First question, is why would you want to? 
Epoxy is generally only used as a grain filler. Not a full finish. 
Although they do make pourable epoxies for tables, it isnt that great for a guitar. It still shrinks and is really hard to sand and buff. 
No reason to use epoxy for a finish.


----------



## dankarghh (Oct 30, 2016)

Yeah, I would say don't do it. I use z-poxy to fill and seal as Killemall says, but wouldn't consider it for a finish itself.

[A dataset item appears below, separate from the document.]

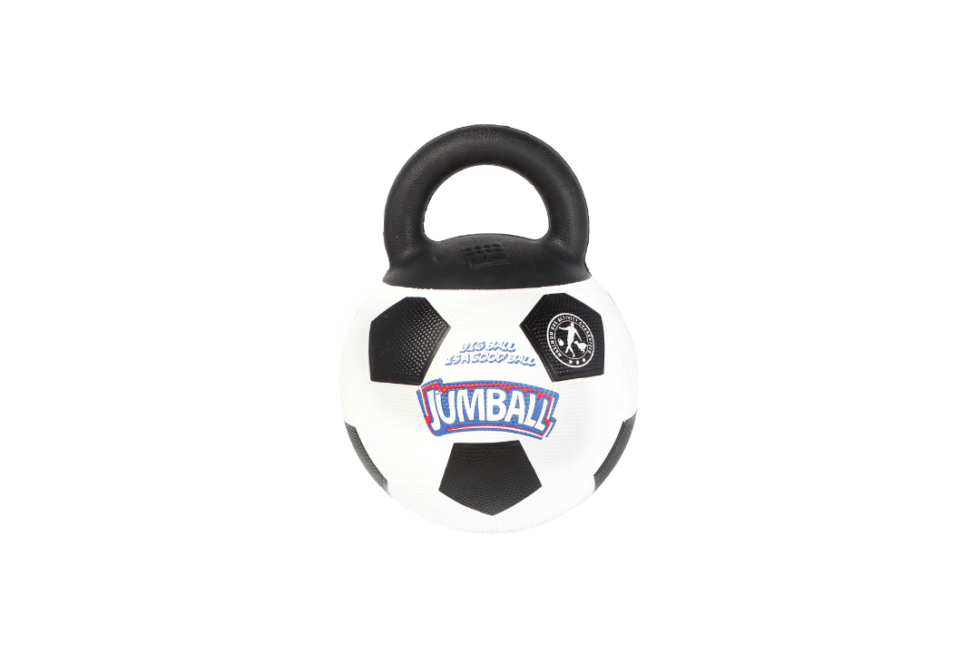 GiGwi Jumball Soccer Ball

I've done a spot repair on a les paul where i used stain and epoxy to fill an area and managed to buff it out to a decent shine that didn't stick out and looked pretty nice, but that was a small patch, and its really not nice stuff to sand.


----------



## KnightBrolaire (Oct 30, 2016)

Killemall1983 said:


> First question, is why would you want to?
> Epoxy is generally only used as a grain filler. Not a full finish.
> Although they do make pourable epoxies for tables, it isnt that great for a guitar. It still shrinks and is really hard to sand and buff.
> No reason to use epoxy for a finish.



The main reason I wanted to use it was because I want something more durable than the polyurethane I've been using while still giving me a really nice gloss finish. Funny that you mention the pourable epoxy for tables because that's similar to what I was going to use.


----------



## Killemall1983 (Oct 30, 2016)

What kind of poly are you using? poly is the most durable out of all finishes next to auto clear.


----------



## KnightBrolaire (Oct 30, 2016)

Killemall1983 said:


> What kind of poly are you using? poly is the most durable out of all finishes next to auto clear.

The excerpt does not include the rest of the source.